After several months, I noticed the texture of my virgin hair felt very different from the hair that had been processed with color. The colored hair was dry and brittle, while the virgin hair was moist and supple. I also noticed that my hair was inexplicably thinning and breaking on the crown of my head, and I needed to address this. Off with my locks.

If any of this has been difficult, it’s been the reactions of some of my closest friends. The myths about beauty in our culture are deeply ingrained in most of us. I will admit I dyed my hair because I didn’t want to look old. Some of my friends have said things like “You’re too young to have gray hair,” or “I would never do it, because I’m too young.” I’ve held these notions too. But now I know that I’m not too old to have gray hair because I do have gray hair. After admitting that I had totally bought into an idea of what beauty and looking youthful is according to our society, I decided to define my beauty myself.

Everywhere I go people ask me how do I like my new short gray hair. I admit it, when I first saw myself at the salon with my hair cut off and white, I was shocked. I realized I didn’t feel like a girl and that scared me. But after a few days I started to realize I didn’t feel like a girl because I’m not a girl. I’m a woman.

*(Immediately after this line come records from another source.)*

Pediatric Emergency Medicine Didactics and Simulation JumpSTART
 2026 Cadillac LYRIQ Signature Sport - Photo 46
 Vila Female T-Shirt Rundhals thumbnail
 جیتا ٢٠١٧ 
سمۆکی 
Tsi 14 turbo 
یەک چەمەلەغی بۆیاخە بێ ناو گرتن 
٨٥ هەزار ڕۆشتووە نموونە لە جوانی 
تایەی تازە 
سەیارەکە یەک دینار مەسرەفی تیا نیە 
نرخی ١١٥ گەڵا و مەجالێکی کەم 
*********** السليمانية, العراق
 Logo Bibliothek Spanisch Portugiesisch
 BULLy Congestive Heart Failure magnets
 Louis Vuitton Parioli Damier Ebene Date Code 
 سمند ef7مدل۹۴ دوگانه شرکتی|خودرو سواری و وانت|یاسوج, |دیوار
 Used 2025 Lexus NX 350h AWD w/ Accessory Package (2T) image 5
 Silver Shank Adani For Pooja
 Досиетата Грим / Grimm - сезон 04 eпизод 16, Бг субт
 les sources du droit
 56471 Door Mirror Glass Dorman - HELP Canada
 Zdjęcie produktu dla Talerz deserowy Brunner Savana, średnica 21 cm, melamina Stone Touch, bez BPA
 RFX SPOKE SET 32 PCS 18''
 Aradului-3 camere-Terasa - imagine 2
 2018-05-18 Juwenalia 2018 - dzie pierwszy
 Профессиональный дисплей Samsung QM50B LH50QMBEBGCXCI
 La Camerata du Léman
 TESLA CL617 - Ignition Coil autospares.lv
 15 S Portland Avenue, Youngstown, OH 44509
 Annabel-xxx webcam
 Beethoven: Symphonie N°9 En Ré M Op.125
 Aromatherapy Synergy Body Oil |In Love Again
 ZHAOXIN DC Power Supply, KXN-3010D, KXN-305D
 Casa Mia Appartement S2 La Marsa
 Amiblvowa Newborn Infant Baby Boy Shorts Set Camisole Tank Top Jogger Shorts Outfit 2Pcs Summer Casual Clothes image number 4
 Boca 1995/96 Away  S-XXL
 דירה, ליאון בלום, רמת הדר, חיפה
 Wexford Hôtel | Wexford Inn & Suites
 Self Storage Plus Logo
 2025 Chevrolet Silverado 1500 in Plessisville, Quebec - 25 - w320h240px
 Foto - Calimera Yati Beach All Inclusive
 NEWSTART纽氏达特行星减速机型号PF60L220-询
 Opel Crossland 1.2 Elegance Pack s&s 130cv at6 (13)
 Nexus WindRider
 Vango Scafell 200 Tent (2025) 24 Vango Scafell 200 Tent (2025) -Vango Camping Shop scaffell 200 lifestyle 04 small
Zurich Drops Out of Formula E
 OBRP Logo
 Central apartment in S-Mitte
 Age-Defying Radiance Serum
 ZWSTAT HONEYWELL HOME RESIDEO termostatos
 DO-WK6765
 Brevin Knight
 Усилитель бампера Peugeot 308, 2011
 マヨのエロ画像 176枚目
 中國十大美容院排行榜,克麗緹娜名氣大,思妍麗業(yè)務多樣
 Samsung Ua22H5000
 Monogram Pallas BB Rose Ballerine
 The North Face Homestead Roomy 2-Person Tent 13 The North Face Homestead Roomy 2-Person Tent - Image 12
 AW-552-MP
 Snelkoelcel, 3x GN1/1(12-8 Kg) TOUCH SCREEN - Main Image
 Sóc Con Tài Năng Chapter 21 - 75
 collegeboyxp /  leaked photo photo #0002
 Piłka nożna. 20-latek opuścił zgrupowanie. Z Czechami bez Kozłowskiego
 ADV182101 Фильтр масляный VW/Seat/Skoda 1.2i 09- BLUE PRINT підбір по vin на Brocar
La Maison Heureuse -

I’m a grown, sensual, intelligent, self-realized woman who looks how I look. And I feel like a woman too. I know how to identify what matters to me and how to create it. I know how to ask for what I want. I know how to allow a man to make love to me without a need to perform. I know how to seduce a man and send him home after we’ve loved. I know how to be loved without being owned. I know how to compliment another woman and celebrate her beauty. I know how to share wisdom and knowledge with younger women and help them be free. I know I can bleed for an entire week without dying. I know how to do absolutely nothing while a human grows within me. I know I can provide life-sustaining nourishment from my breast. I know what I want without having it validated by another. I know how to laugh so hard I cry. I know how to pray and how to curse. I know how to forgive and how to forget. I know how to be with my inner darkness without cowering. I know my thoughts independent of those of another. I know how to take responsibility for my failures and how to share my successes. I know how to scream and cry really loud. I know how to stay and when to leave. I know how to hold a broken heart, my own or someone else’s. I know how to stand with a tree and feel the energy of eternity. I know how to love my body, mend my heart and love myself. I know how to worship the moon and receive life from the sun. I know how to find the Divine. I know I am beautiful.

For those who ask, how do I feel with my short white hair? I feel absolutely beautiful and more like a woman than ever before.